Objectives: Apathy is a debilitating symptom of Huntington's disease (HD) and manifests before motor diagnosis, making it an excellent therapeutic target in the preclinical phase of Huntington's disease (prHD). HD is a neurological genetic disorder characterized by cognitive and motor impairment, and psychiatric abnormalities. Apathy is not well characterized within the prHD. In previous literature, damage to the caudate and putamen has been correlated with increased apathy in other neurodegenerative and movement disorders. The objective of this study was to determine whether apathy severity in individuals with prHD is related to striatum volumes and cognitive control. We hypothesized that, within prHD individuals, striatum volumes and cognitive control scores would be related to apathy.
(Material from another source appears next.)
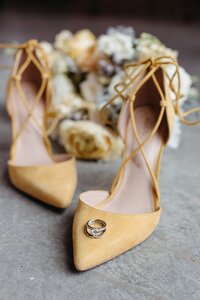 Yellow strappy heels with rings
Methods: We constructed linear mixed models to analyze striatum volumes and cognitive control, a composite measure that includes tasks assessing with apathy scores from 797 prHD participants. The outcome variable for each model was apathy, and the independent variables for the four separate models were caudate volume, putamen volume, cognitive control score, and motor symptom score. We also included depression as a covariate to ensure that our results were not solely related to mood.
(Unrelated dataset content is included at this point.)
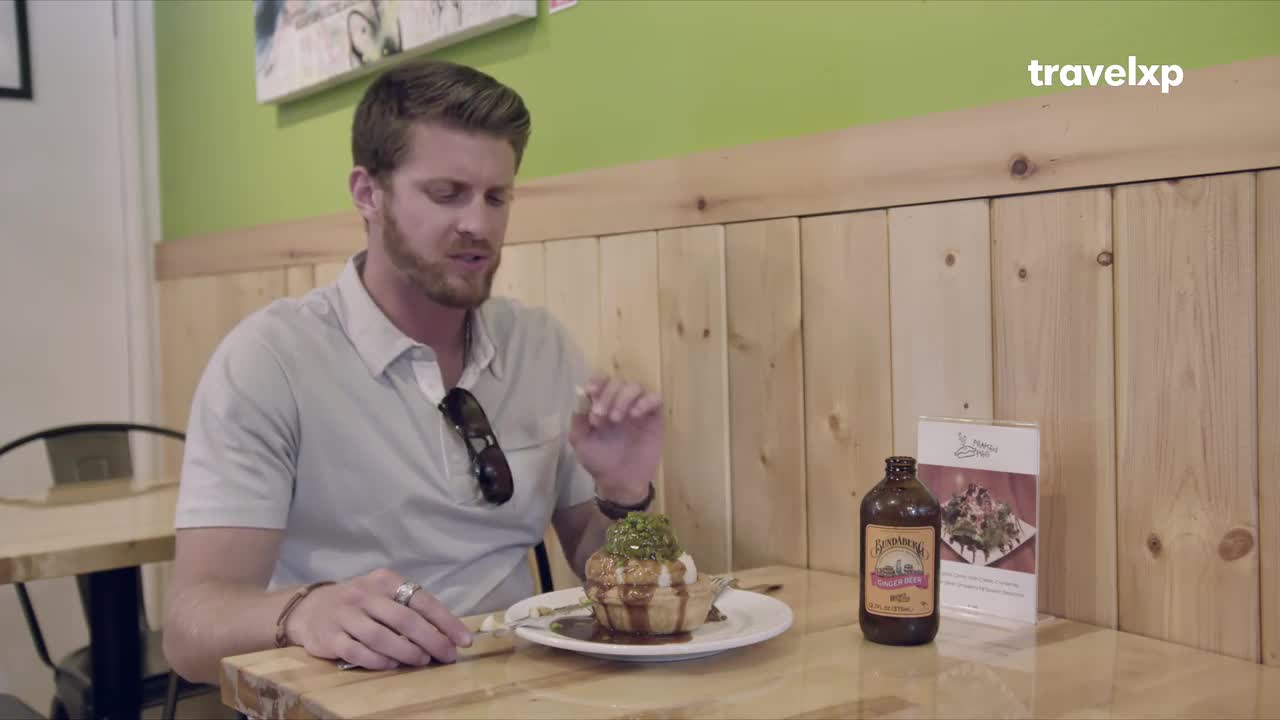 A man gestures with a fork over a dessert, a brown bottle and a menu resting nearby. This scene unfolds in a casual eatery, perhaps during a Travelxp segment exploring local flavors.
Results: Caudate and putamen volumes, as well as measures of cognitive control, were significantly related to apathy scores even after controlling for depression.
Conclusions: The behavioral apathy expressed by these individuals was related to regions of the brain commonly associated with isolated apathy, and not a direct result of mood symptoms. (JINS, 2019, 25, 462-469).
Keywords: Apathy; Basal ganglia diseases; Caudate; Executive function; Huntington disease; Putamen.